1941 年,八年抗戰中葉,我避難在四川成都,在四川省農業改進所會計室工作;事隔七十年,我還記得所長是農業專家趙蓮方博士。除了會計室外,還分有很多組,諸如病蟲組、農業組、園藝組等等,每天上班下班,日子過得平順而單調。有一天,同事建言,這個星期天我們去郊遊。
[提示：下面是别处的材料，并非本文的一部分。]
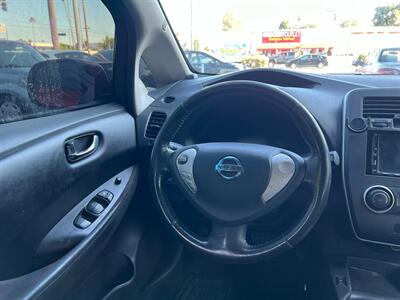 2014 Nissan LEAF S   - Photo 23 - Los Angeles, CA 91306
到那裡去呢?商量結果,大家同意去參觀四川古蹟,唐代名妓,也是女詩人薛濤的墓園。星期天那天,春光明媚,微風習習,各僱一輛黃包車直奔所在地「望江樓」。所謂名勝也沒甚麼可看,園中四周栽滿了修竹和桃樹,因薛濤愛竹,由於竹清高有節。《紅樓夢》中的林黛玉,在大觀園的居所「瀟湘館」就種滿了竹子。竹雖高潔,但有陰沉之氣。除竹之外,有桃樹,桃花花瓣是製「桃花箋」的原料。並看到了一口井,據說這井水特別純厚,薛濤當年製桃花箋,就是用這井水。望江樓上設有一茶館,所泡的茶就是用此井水。樓中有薛濤像,並有古名人為她題的對聯等等,雖非真蹟,但仍值得抄下。可惜,我當時不知珍惜,沒有抄下,只記得有幅對聯:「古井冷斜陽,問幾樹枇杷;何處是校書門巷?大江橫曲檻……」現在想起來,還感到非常遺憾。我們在望江樓茶肆中喝茶,吃了一點小點心,談談說說,日頭已偏西,就打道回府了。
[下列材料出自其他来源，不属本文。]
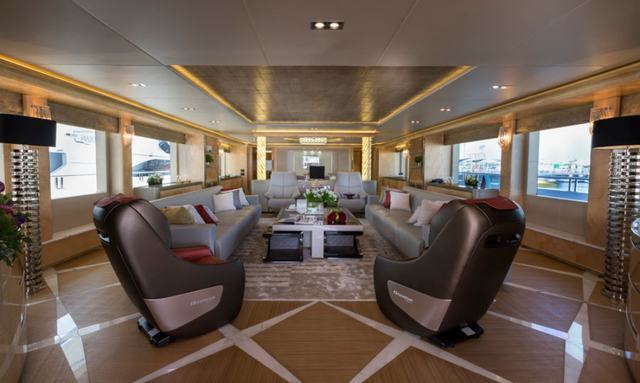 Atlantis yacht Open-Plan Saloon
薛濤原是官家小姐,長安人,父親薛鄖因做官而來到四川。她生於 768 年而歿於 831 年,享年六十三歲。幼時即聰慧過人,美艷攝人。七歲時,她父親出題「庭除一古桐,聳桿入雲中。」她即時對曰:「枝迎南北鳥,葉送往來風。」她雖對得正整,但隱示她未來的命運將是「迎來送往」並非有福之人,她父親深以為憂。她十四歲時父親去世,不久母親也離世,因不在本鄉本土,又少錢財,孤苦無依。十六歲時,即入了樂籍,掛起書寓的牌子。她精通琴棋,能詩能詞,談吐高雅,當時名流雅士爭相過訪。薛濤用桃花泡在水中,把信箋染成紅色,即所謂有名的「桃花箋」,她用來寫詩。一時名士常與她交往的有白居易、韋皋、李商隱、杜牧、劉禹鍚、元稹等。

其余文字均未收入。